IS is not the only group posing a threat to Sufis. In fact, the security apparatus of the United Nations-backed Government of National Accord is a prime suspect in some of the attacks against them. The Special Deterrence Force (SDF) — a radical Islamist military police unit under the Interior Ministry that nonetheless acts independently — is led by Abd al-Rauf Kara, a man described by Daily Beast contributor Jamie Dettmer as an “Islamic fanatic.”

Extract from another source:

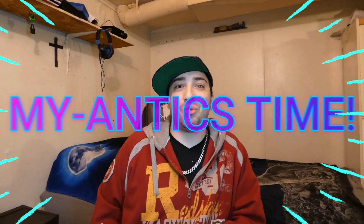My Antics Time — it's My Antics Time, and welcome back to another episode.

“He quickly took it upon himself after Gaddafi’s toppling to hunt down former regime security officials and to police an unruly Tripoli according to ultra-orthodox interpretations of Islamic principles,” Dettmer wrote in 2015. “His Nawasi Battalion [later refashioned as the SDF] became notorious for targeting alleged alcohol traders and drinkers and drug dealers as well as gays and also single women unaccompanied by male relatives or husbands, even those frequenting the more up-market coffee houses in affluent districts of Tripoli.”
The current government has not denounced any of the attacks on Sufi sites, which some locals believe the SDF to have been behind. In October in Tripoli, a Sufi mosque was attacked in the Ghararat neighborhood during a clash between the SDF and armed militias that had been accused of drug trafficking.
“A religious scholar with ties to the Sufi community in Tripoli said it was the SDF, which had gained control of the neighborhood, that intentionally damaged the 16th-century Sidi Abu Gharara Sufi mosque,” HRW reported. The SDF released a statement denying that they had attacked the mosque, saying they would deal with those responsible.
“It is very possible that Abd al-Rauf Kara’s group is responsible,” Harchaoui said, “but nobody has any proof backing such an accusation.”